*Your instructions:*
Your copy of the data should match it exactly, except that the pictures are gone.

*Records provided:*
══════════════════════════════

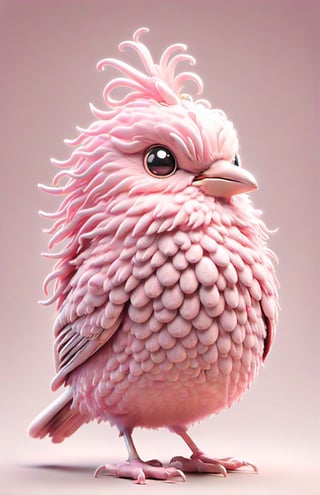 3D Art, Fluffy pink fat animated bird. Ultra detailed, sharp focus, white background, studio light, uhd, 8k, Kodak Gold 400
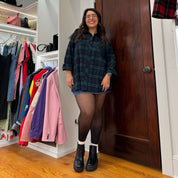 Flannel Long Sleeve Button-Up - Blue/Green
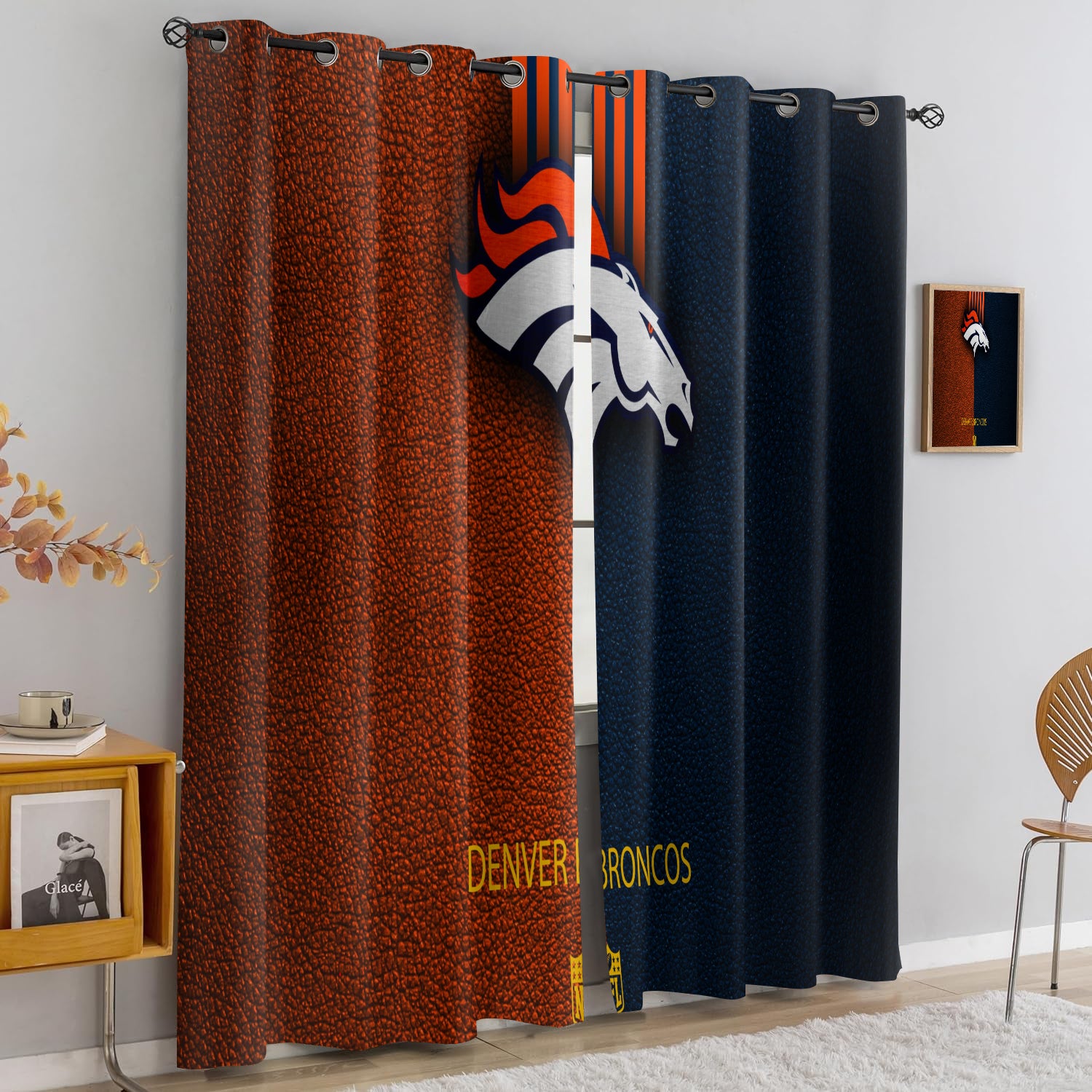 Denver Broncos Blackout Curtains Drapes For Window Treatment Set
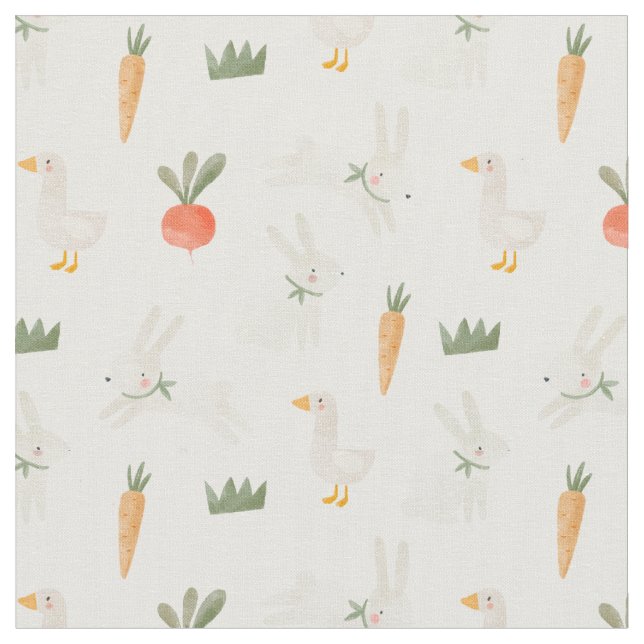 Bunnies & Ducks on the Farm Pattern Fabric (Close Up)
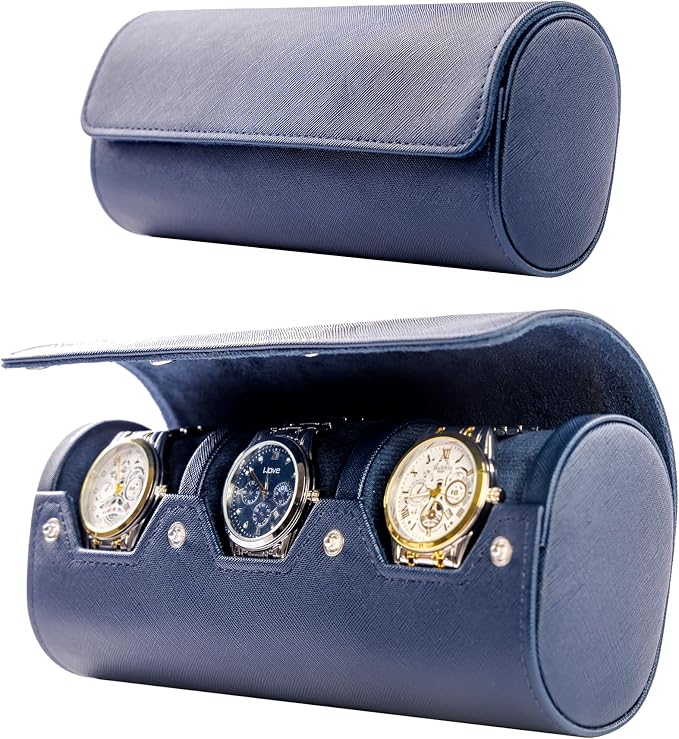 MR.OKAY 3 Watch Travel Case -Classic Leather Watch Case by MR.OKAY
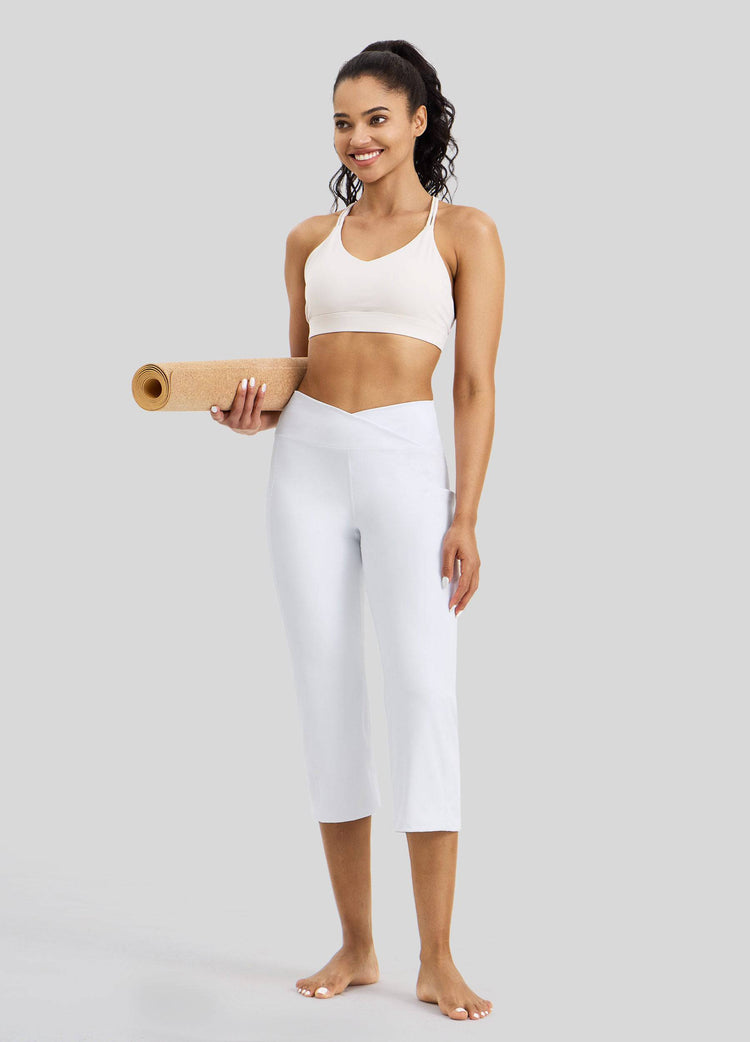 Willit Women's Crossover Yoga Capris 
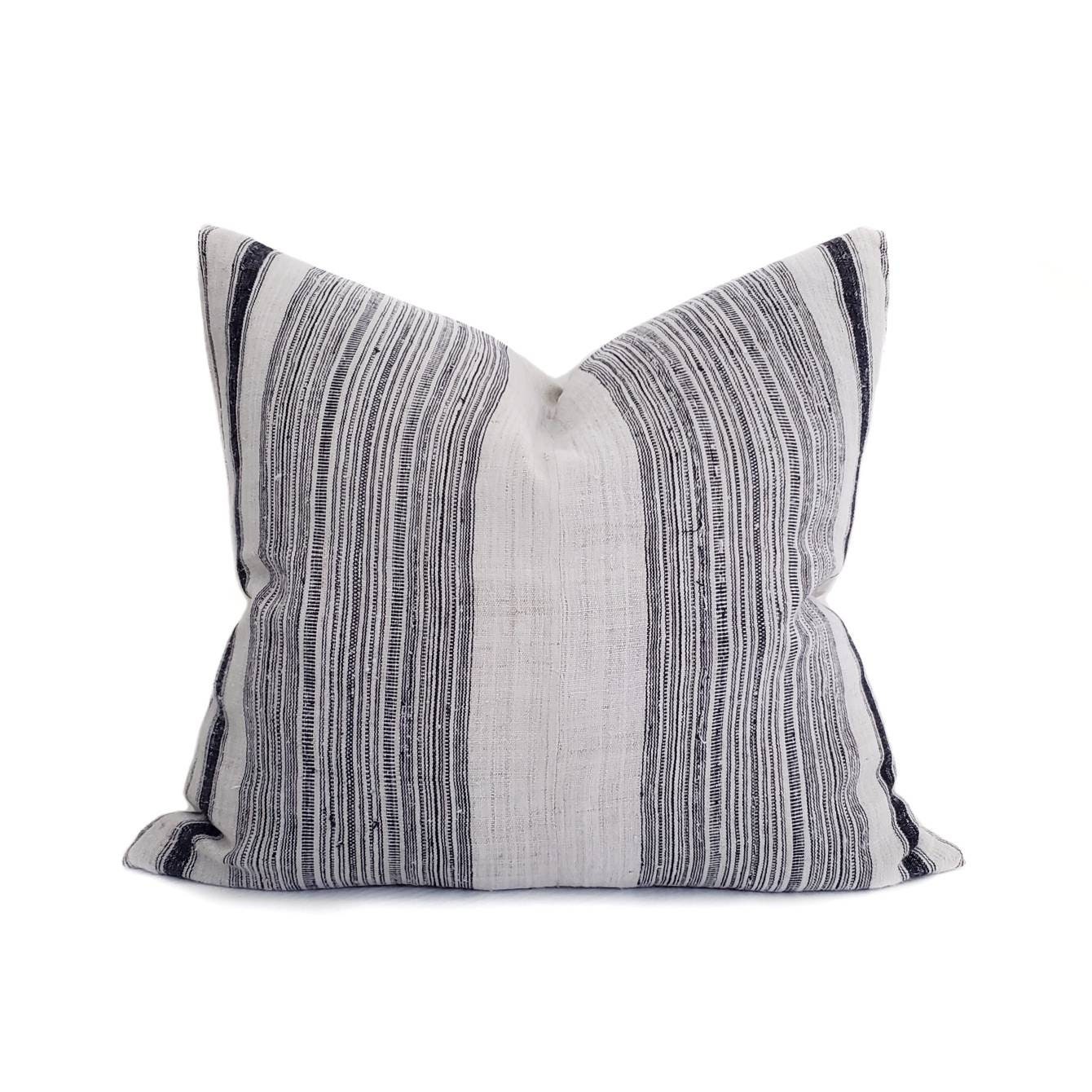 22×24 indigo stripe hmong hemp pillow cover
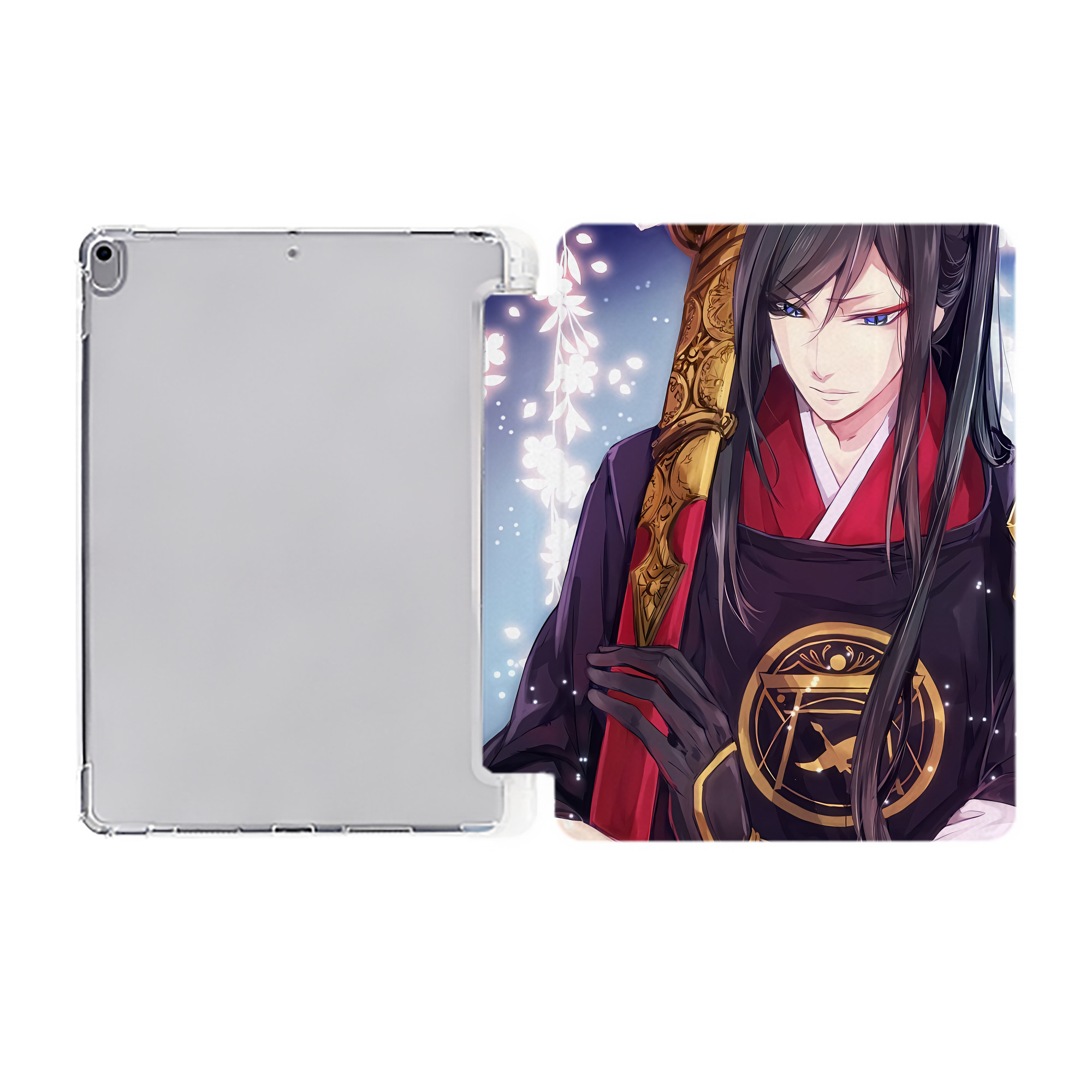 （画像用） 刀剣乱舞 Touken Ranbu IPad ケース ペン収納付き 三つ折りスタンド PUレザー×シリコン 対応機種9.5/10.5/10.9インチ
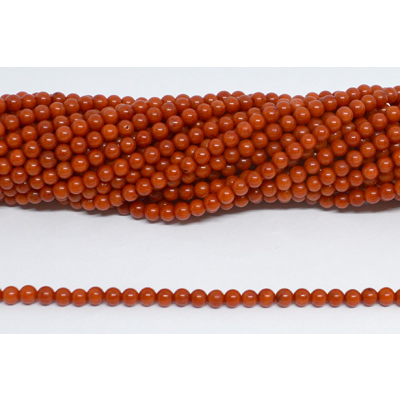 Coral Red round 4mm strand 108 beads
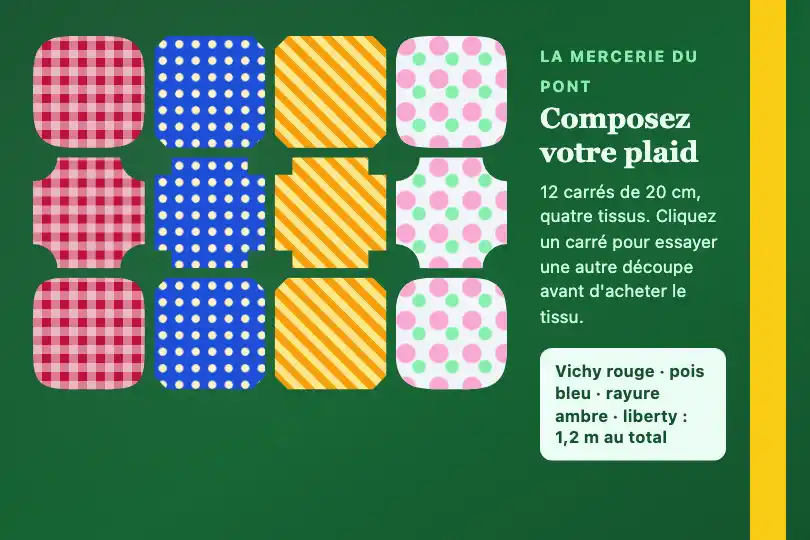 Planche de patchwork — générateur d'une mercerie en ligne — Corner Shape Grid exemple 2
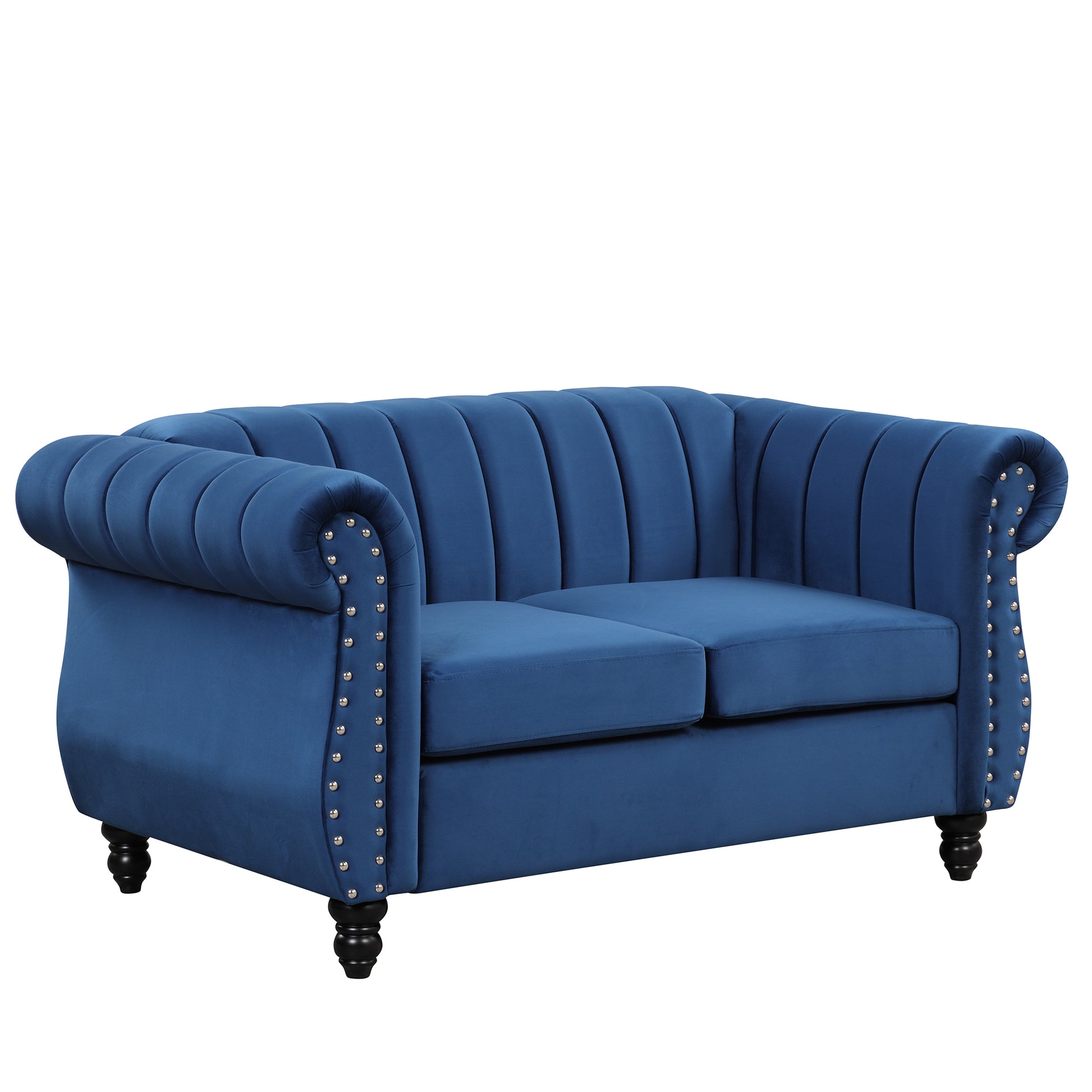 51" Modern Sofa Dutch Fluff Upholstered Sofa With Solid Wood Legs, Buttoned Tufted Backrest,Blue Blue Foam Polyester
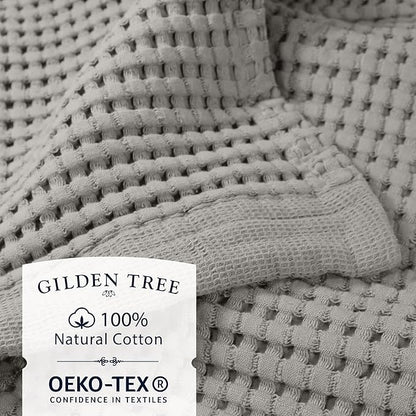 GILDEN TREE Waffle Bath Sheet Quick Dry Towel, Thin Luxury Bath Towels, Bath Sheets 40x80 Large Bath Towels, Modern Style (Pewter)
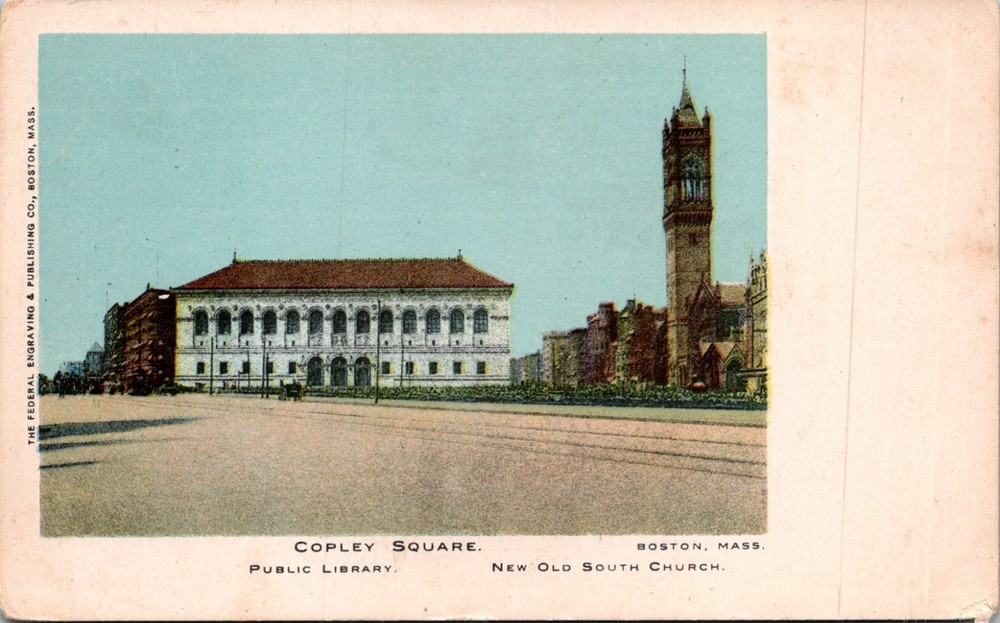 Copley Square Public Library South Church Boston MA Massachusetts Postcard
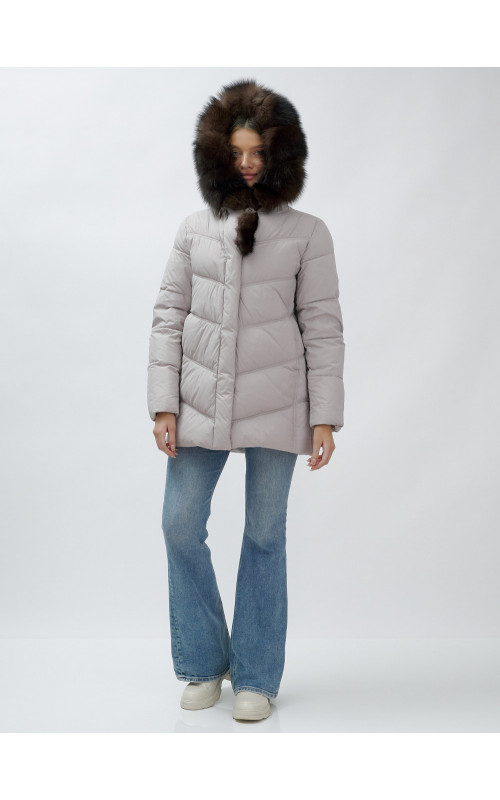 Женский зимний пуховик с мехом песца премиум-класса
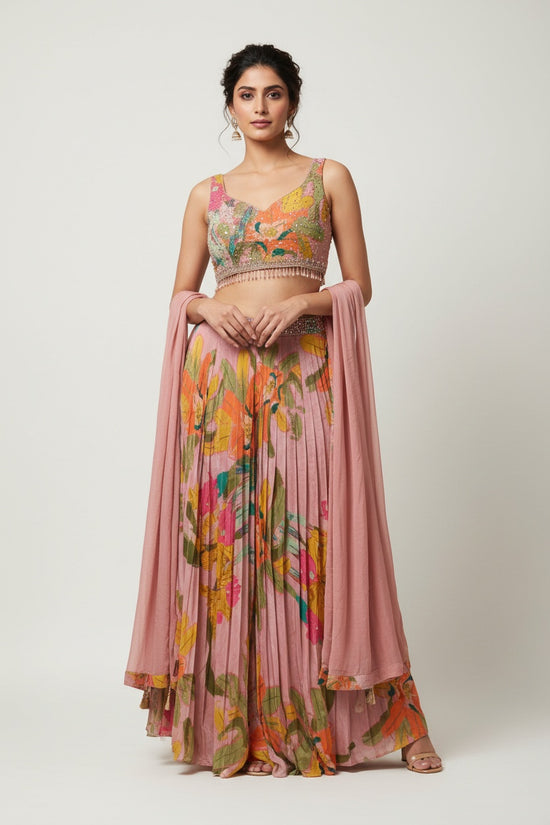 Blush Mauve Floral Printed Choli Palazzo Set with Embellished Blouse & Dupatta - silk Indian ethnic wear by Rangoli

══════════════════════════════

*Result of the exercise:*
 3D Art, Fluffy pink fat animated bird. Ultra detailed, sharp focus, white background, studio light, uhd, 8k, Kodak Gold 400
 Flannel Long Sleeve Button-Up - Blue/Green
 Denver Broncos Blackout Curtains Drapes For Window Treatment Set
 Bunnies & Ducks on the Farm Pattern Fabric (Close Up)
 MR.OKAY 3 Watch Travel Case -Classic Leather Watch Case by MR.OKAY
 Willit Women's Crossover Yoga Capris 
 22×24 indigo stripe hmong hemp pillow cover
 （画像用） 刀剣乱舞 Touken Ranbu IPad ケース ペン収納付き 三つ折りスタンド PUレザー×シリコン 対応機種9.5/10.5/10.9インチ
 Coral Red round 4mm strand 108 beads
 Planche de patchwork — générateur d'une mercerie en ligne — Corner Shape Grid exemple 2
 51" Modern Sofa Dutch Fluff Upholstered Sofa With Solid Wood Legs, Buttoned Tufted Backrest,Blue Blue Foam Polyester
 GILDEN TREE Waffle Bath Sheet Quick Dry Towel, Thin Luxury Bath Towels, Bath Sheets 40x80 Large Bath Towels, Modern Style (Pewter)
 Copley Square Public Library South Church Boston MA Massachusetts Postcard
 Женский зимний пуховик с мехом песца премиум-класса
 Blush Mauve Floral Printed Choli Palazzo Set with Embellished Blouse & Dupatta - silk Indian ethnic wear by Rangoli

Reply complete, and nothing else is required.